== Segment start ==

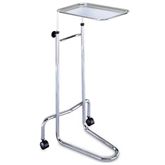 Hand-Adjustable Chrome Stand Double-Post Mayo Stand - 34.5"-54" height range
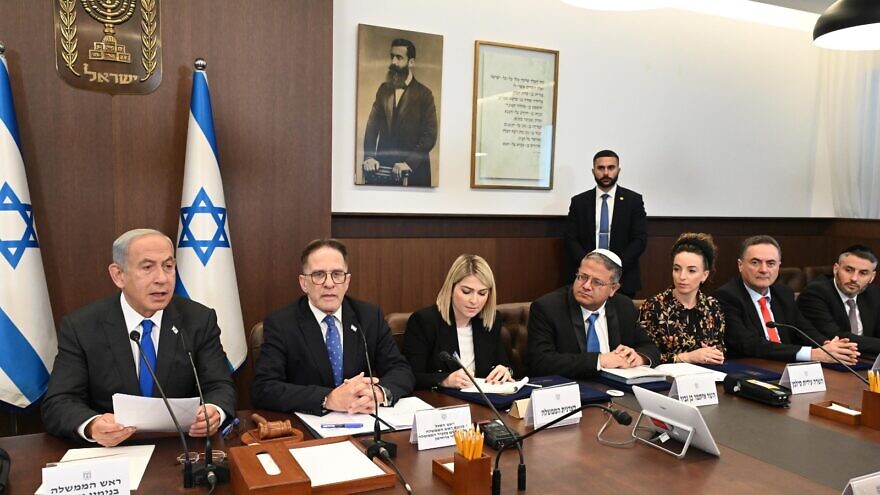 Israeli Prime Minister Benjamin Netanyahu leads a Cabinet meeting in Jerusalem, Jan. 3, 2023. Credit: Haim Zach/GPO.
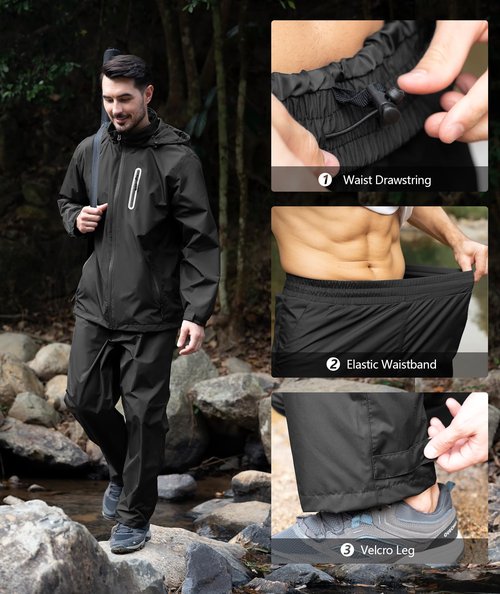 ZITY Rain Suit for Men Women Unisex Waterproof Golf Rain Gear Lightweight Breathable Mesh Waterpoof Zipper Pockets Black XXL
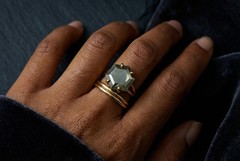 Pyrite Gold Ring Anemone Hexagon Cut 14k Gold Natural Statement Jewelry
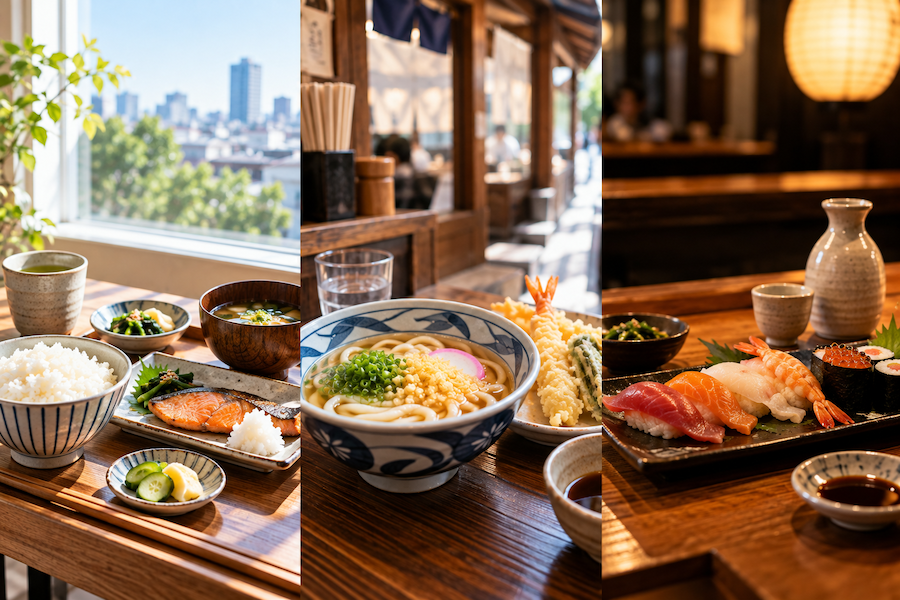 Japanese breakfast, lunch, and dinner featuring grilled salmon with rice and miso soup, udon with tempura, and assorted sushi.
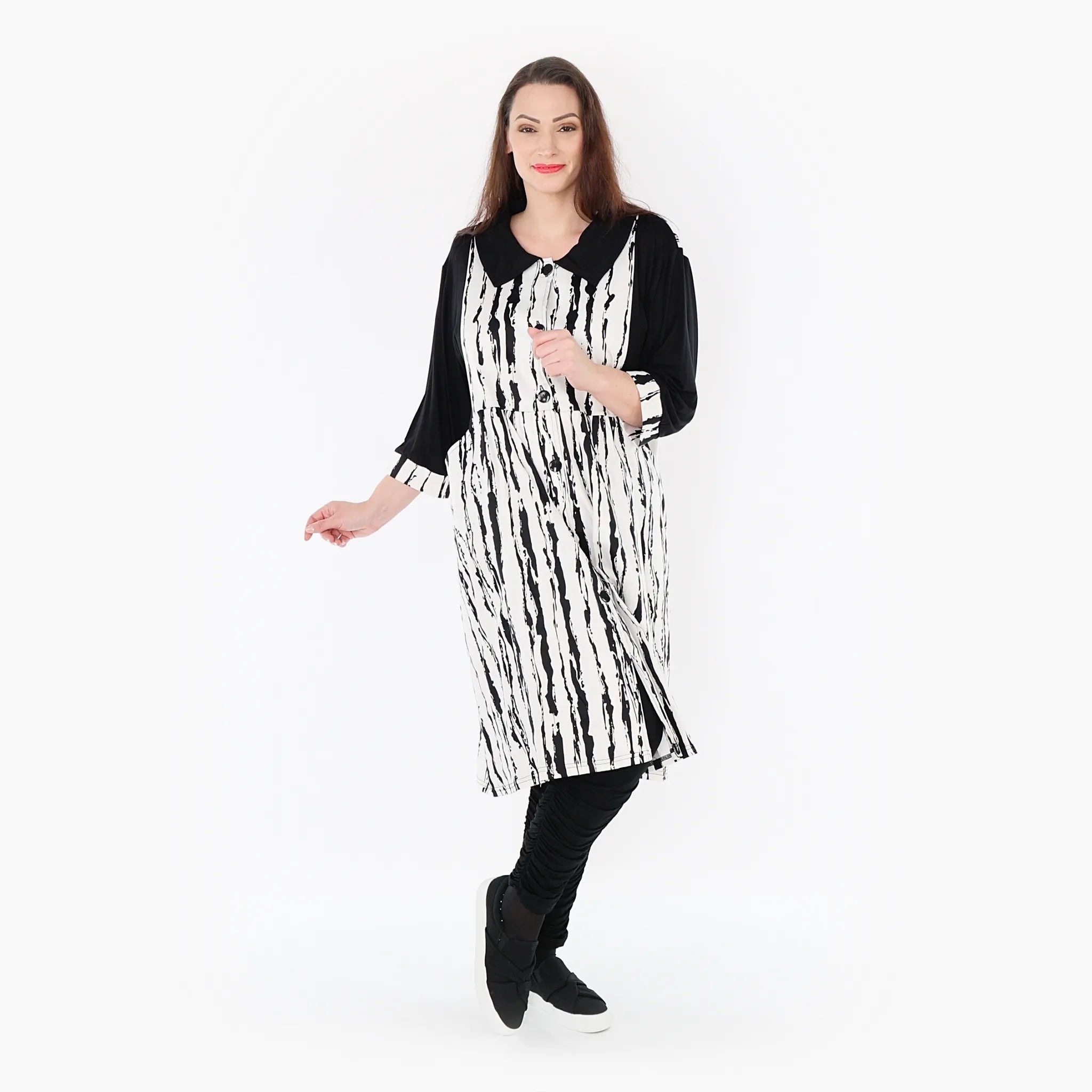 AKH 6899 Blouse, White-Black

== Segment end ==
== Segment start ==

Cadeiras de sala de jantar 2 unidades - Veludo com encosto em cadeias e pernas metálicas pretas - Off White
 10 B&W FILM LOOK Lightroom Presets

== Segment end ==

**AIM OF THE EXERCISE**
A verbatim reproduction is expected: starting at the line above that has "Israeli Prime Minister", ending at the line that has "Pyrite Gold Ring", both included, and with no pictures and no other lines.

**SOLVED PROBLEM**
 Israeli Prime Minister Benjamin Netanyahu leads a Cabinet meeting in Jerusalem, Jan. 3, 2023. Credit: Haim Zach/GPO.
 ZITY Rain Suit for Men Women Unisex Waterproof Golf Rain Gear Lightweight Breathable Mesh Waterpoof Zipper Pockets Black XXL
 Pyrite Gold Ring Anemone Hexagon Cut 14k Gold Natural Statement Jewelry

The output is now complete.